Kupayla lig farklı. Gençlerbirliği maçında taraftarını korkutan Galatasaray dün akşam Belediye karşısında çok farklı bir görünümdeydi. Öyle bir arzu, öyle bir presle başladı ki, Belediye'nin bu tempoya dayanması zordu. Özellikle oyunun ilk bölümlerinde isabetli ve çabuk pas yapan, oyunun yönünü değiştiren, rakibi oynatmayan bir Galatasaray izledik.
G.Saray'ın iyi yapamadığı tek şey kenarlardan getirilen toplarda 18'in içinde çoğalamamaktı. Ancak oyun planını kim belirlediyse doğru yaptı. G.Birliği maçında Lincoln'lü kadroya çift santrforun lüks olduğu çok açık gözükmüştü. Tek santrfor ve Lincoln'lü yeni uygulama orta sahada da doğacak zaafiyeti üstünlüğe dönüştürdü. Oyun sıkışmadı. G.Saray'ın forvetleri çok rahat sahalar bulabildiler. Aynı zamanda Büyükşehir'in tehlikeli forvetlerinin top alma yolları da kesilmiş oldu.
***
Dünkü maçın en başarılı ismi, uzun zamandan beri yıldız olup olmadığını unuttuğumuz Lincoln'dü. Özelliklerini sahaya yansıtmasını bildi. Lincoln hem çok arzuluydu, hem daha kuvvetliydi, hem de seyredenlere keyif veren klas hareketler yaptı.
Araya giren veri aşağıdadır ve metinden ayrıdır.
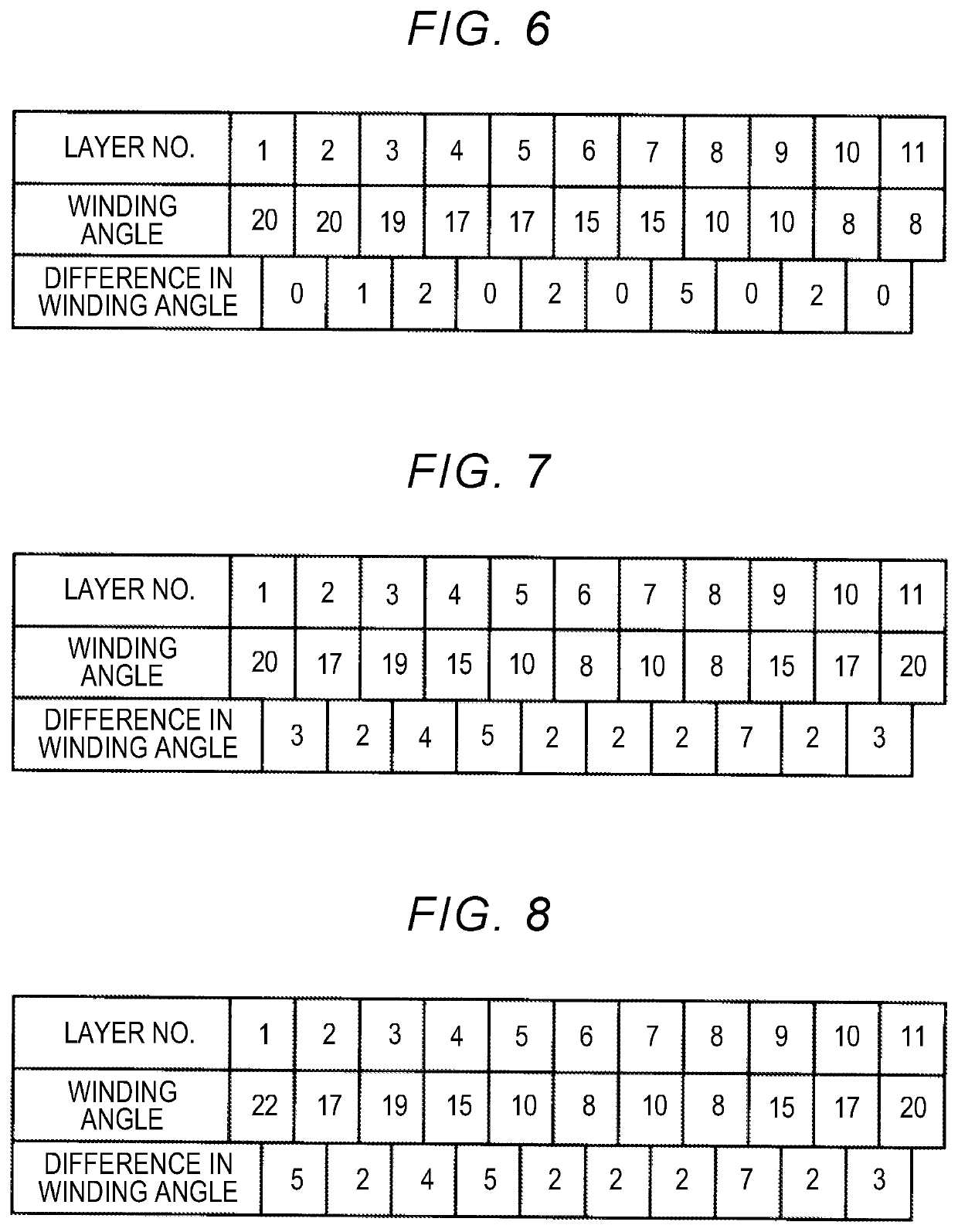 High-pressure tank and method of manufacturing the same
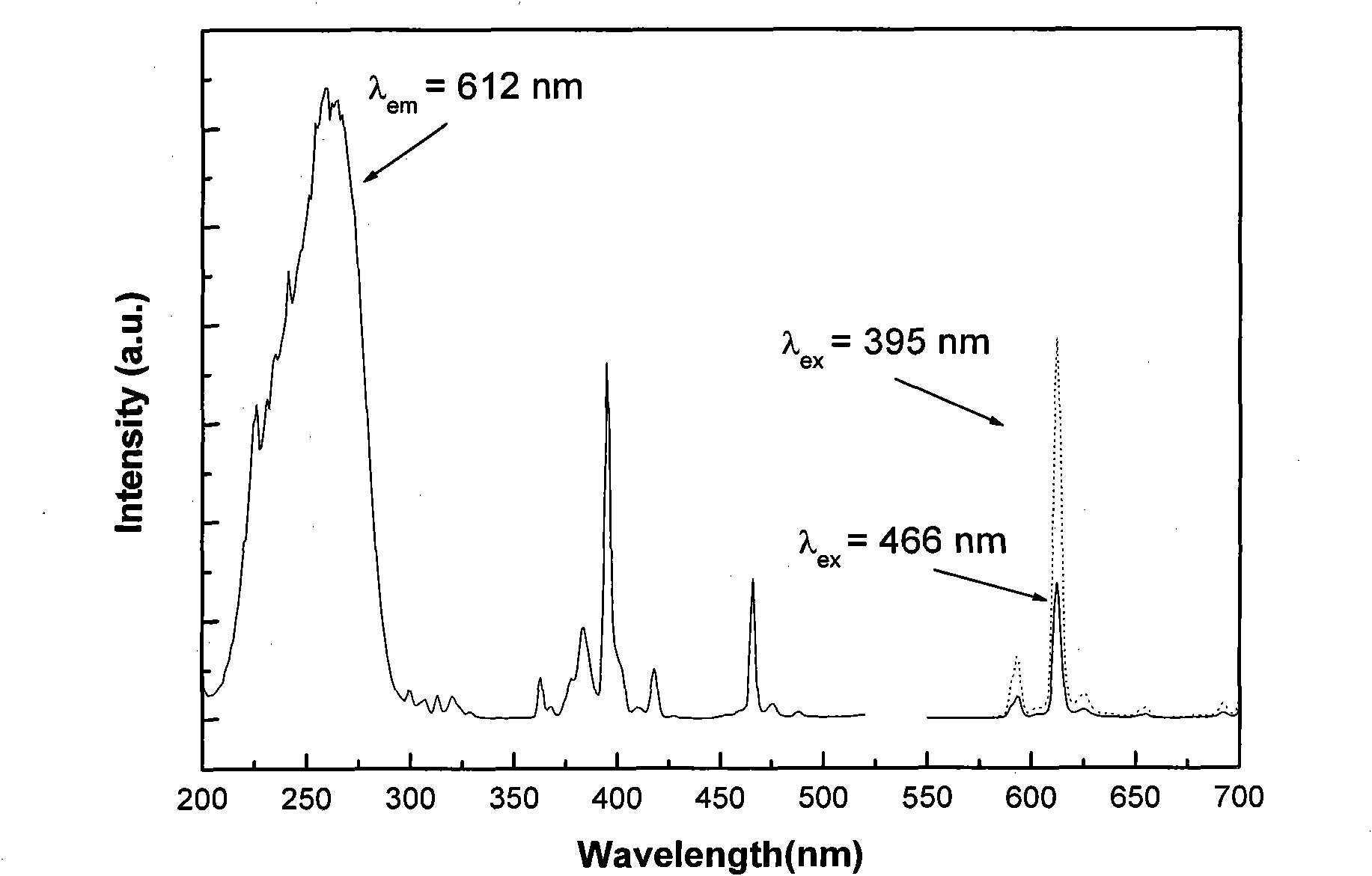 Red phosphor powder for white LED as well as preparation method and application thereof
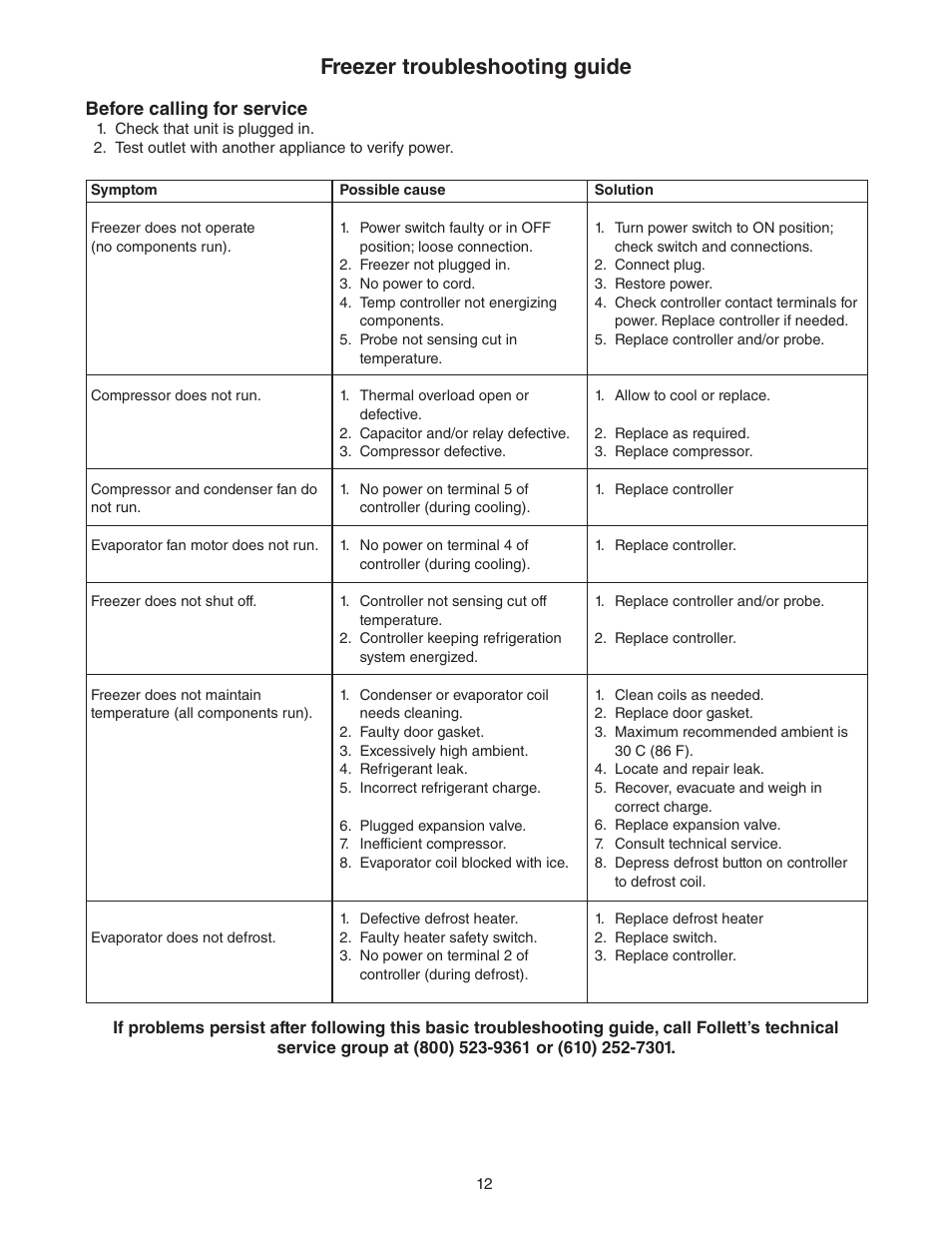Freezer troubleshooting guide, Before calling for service | Follett C45184 User Manual | Page 12 / 16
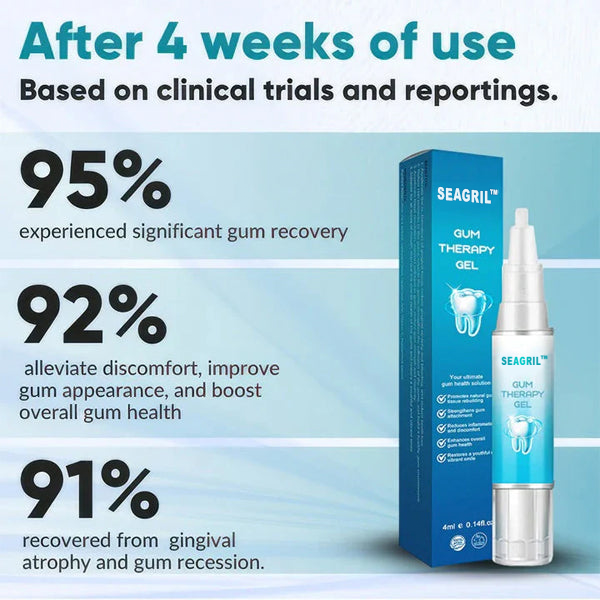 The OralGen Therapy Powder - Regenerate Gums, Repair Cavities, and End Sensitivity +50% OFF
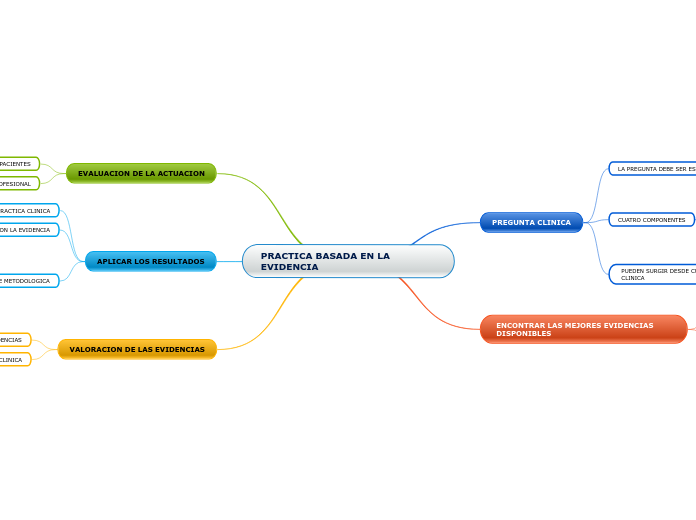 PRACTICA BASADA EN LA EVIDENCIA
Galatasaray'ı hücuma taşıyanların içinde başarılı olarak Arda'yı saymamız gerekiyor. Galatasaray'ın iyi futbol oynaması için Arda'nın istekli olması iyi işler yapması şart. Dün defansın göbeğinde Servet ile Emre ikiliside maçın kazanılmasında çok önemli iki isimdi.
Necati Ateş ve İbrahim Akın gibi tehlikeli ve başarılı iki forveti hiç topla buluşturmadılar. Sonradan oyuna giren Adriano ve Sertan'ı da.
G.Saray'da dün akşam beğenmediğim 2 oyuncu daha var. Biri Barış, diğeri ise Sabri. Çok dağınık ve etkisizdiler. Erken gol yiyerek oyuna başlayan Belediye'nin çok fazla bir şey yapma şansı yoktu. Belirleyici olan Galatasaray'dı. Belediyeli oyunculara hiç top oynayacak alan bırakmadı. Ümit'in yerine oyuna Nonda'nın girmesinin daha doğru bir tercih olacağını düşünüyorum. Lincoln varken, tam Nonda'lık koşu alanları vardı ama Hakan da iyi oynadı. Dün akşam G.Saray işini yaptı ama asıl iş haftaya Ali Sami Yen'de.